The (almost) lost world
Father-of-two Fin Keegan on how to unfetter a child’s imagination and let it grow
Not far from where I sit in Westport, writing this article, work is continuing on a sprawling complex of buildings whose very existence remains unknown to most inhabitants of the town. The multi-coloured installation is heavily fortified and (my sources can reveal) contains a missile launcher, a mission control room, an armory, a walk-in safe, surveillance quarters, and several dormitories. Showing a somewhat softer side than this catalogue might suggest, the architects have also included an animal sanctuary.
Originally slated for completion in the summer, a series of violent episodes involving militia and security forces have pushed the target date to Halloween.
One very good reason why you had no idea of this secret base’s existence? It’s made of Lego, sits on a table in our attic, and this time next week might well be rebuilt as a football stadium. Or a skyscraper. Or a volcano.
Like every child, my two young sons, aged seven and nine, spend most of their free time (and, I dare say, a lot of their school time) in a dream-world of adventure and thrills, fighting dragons and warlords, scoring the finest goals ever seen, and flying to undiscovered planets in faraway galaxies.
The great thing about children, as the wise grown-up knows, is that their imagination is so powerful, so ready to get to work, that their toys do not have to be in any way fashionable or sophisticated, or even be toys at all: two spoons and a dish will do.
Imagination, in short, is the healthy child’s most precious possession, the bedrock of their ultimate identity as autonomous and well-adjusted adults.
Why then, one might ask, does society lay siege on imagination? For that is how things stand today.
To begin with, falsely believing abductions and child murders to be everyday dangers, we have put in a host of needless restrictions on children’s lives, preventing them as a result from experiencing much nature (or life indeed) beyond the bite-sized chunks dolloped out to them on screen or in museums.

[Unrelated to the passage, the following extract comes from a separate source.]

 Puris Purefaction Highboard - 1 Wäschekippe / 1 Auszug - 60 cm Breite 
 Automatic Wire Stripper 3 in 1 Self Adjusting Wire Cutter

We allow advertisers (even on RTÉ, to our shame) to exploit children by making them feel self-conscious for not having Object X or looking like Celebrity Y.
And pity the child interested in reading: With televisions, computers and game consoles dominating bedrooms, there’s hardly a quiet place to go and pore over a book or comic.
So what can you do to fortify your kids against the commercialised garbage that they are exposed to?
For a start, take their questions seriously. Often the only reason we laugh at children’s queries (“Did Jesus know football would be invented?” is a typical example) is that their train of thought does not follow the clichéd route we are used to.
Limit extra-curricular activities of primary-school children to one commitment a week. Above all, avoid filling up their time with pursuits such as organised sport, music and language lessons. Though worthy in themselves, these sessions cut into the unstructured time that children need and naturally fill with their own activities (which might well include sport and music – but chosen off their own bat).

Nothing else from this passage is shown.